Ko. Ko. Ko. Ko. She was coming up the stairs. We stood aside, this one was a big boss. We knew our place. The bosses have a way of passing you without seeming to have even been aware that you were standing there. When it serves them, they have this way of appearing quite surprised to see you. Especially when they are showing big clients around.
“Ah, Muraguri. How is your day?” they will say with crocodile smiles.
That is when you realize that they all know your name. They will go back to pretending they don’t when the client is gone. Today there was no client. Koko turned up her nose. I was about to tell Mogire about the gossip when he nudged me first.
“Na leo hii pahali iko na maneno. Wale wamama wa kuchukua takataka kwa ladies wanasema leo walipata condom yenye imetumika kwa takataka ya fifth floor.”
It is true then. Koko is sleeping with a sales-boy behind her rich politician husband’s back. I decide not to tell Mogire about it. He talks too much.

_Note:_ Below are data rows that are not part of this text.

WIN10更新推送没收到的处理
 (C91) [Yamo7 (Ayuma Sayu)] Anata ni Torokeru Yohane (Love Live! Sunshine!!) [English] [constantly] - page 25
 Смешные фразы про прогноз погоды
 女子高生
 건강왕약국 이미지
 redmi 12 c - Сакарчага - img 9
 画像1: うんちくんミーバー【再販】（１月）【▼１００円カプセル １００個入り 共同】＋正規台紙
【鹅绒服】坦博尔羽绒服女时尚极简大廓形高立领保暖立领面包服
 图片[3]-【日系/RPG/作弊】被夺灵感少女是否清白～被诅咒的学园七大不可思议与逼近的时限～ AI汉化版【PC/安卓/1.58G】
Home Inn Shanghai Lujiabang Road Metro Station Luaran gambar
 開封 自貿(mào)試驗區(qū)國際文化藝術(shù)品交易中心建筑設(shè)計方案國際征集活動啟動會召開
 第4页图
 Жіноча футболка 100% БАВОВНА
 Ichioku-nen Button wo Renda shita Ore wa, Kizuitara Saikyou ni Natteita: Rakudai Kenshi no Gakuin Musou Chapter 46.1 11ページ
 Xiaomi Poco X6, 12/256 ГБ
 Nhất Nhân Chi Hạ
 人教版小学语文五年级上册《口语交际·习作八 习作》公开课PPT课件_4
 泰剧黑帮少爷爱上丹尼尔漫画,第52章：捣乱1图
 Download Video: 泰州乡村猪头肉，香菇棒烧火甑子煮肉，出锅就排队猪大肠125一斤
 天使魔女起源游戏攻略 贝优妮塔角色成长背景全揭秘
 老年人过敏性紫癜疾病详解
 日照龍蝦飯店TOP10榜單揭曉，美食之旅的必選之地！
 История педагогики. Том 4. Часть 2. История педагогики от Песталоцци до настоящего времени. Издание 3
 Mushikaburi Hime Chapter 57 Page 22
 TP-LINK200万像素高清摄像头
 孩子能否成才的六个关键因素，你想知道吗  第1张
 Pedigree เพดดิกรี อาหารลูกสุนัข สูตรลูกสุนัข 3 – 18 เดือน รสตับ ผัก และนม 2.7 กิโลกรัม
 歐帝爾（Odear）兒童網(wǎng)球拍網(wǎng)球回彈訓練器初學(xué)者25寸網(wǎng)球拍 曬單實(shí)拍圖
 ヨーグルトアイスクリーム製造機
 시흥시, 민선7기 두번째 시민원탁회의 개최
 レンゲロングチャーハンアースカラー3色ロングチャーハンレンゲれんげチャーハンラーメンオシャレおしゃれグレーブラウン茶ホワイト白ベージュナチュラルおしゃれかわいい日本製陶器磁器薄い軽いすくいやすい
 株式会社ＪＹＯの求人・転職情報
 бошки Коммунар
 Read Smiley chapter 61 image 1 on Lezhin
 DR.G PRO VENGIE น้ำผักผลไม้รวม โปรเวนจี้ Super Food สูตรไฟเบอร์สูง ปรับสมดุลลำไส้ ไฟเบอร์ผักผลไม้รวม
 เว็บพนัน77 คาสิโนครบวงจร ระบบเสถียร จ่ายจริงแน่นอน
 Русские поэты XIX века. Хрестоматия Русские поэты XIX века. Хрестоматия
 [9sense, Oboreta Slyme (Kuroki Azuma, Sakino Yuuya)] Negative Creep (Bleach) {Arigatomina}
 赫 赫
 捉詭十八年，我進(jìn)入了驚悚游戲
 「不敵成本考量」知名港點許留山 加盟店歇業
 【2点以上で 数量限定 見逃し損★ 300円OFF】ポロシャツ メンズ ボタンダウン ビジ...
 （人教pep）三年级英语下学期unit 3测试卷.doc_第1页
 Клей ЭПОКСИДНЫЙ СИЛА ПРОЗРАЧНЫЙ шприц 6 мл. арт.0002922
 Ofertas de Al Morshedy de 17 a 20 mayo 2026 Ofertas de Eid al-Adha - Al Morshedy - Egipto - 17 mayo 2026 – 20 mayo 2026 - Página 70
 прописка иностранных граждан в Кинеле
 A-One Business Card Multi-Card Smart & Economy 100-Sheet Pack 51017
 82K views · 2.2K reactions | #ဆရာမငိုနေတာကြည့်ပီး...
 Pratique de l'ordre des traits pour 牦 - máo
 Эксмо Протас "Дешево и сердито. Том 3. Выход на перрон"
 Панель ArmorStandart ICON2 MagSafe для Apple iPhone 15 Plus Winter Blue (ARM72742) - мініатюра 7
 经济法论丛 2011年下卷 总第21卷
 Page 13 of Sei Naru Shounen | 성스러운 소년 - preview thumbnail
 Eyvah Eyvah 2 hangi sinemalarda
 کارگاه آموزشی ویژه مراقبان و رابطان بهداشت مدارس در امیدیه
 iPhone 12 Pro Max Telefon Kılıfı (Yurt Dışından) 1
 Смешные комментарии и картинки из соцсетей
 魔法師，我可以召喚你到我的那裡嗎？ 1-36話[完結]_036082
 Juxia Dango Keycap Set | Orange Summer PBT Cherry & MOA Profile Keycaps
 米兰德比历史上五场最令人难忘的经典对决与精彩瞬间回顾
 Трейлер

Let him hear about it from someone else.
When we reach the toilet, the shit is gone. My water bucket is empty. The owner came back to the crime scene to conceal the evidence. Mogire bursts out laughing.
“Kwani ameogopa nini?”
“Yaani amerudi akaiosha mwenyewe.”
We return to work. We have toilets to flush.
But why? Why is this person so worried about that shit? Should I worry too?
Could I catch something, perhaps AIDS?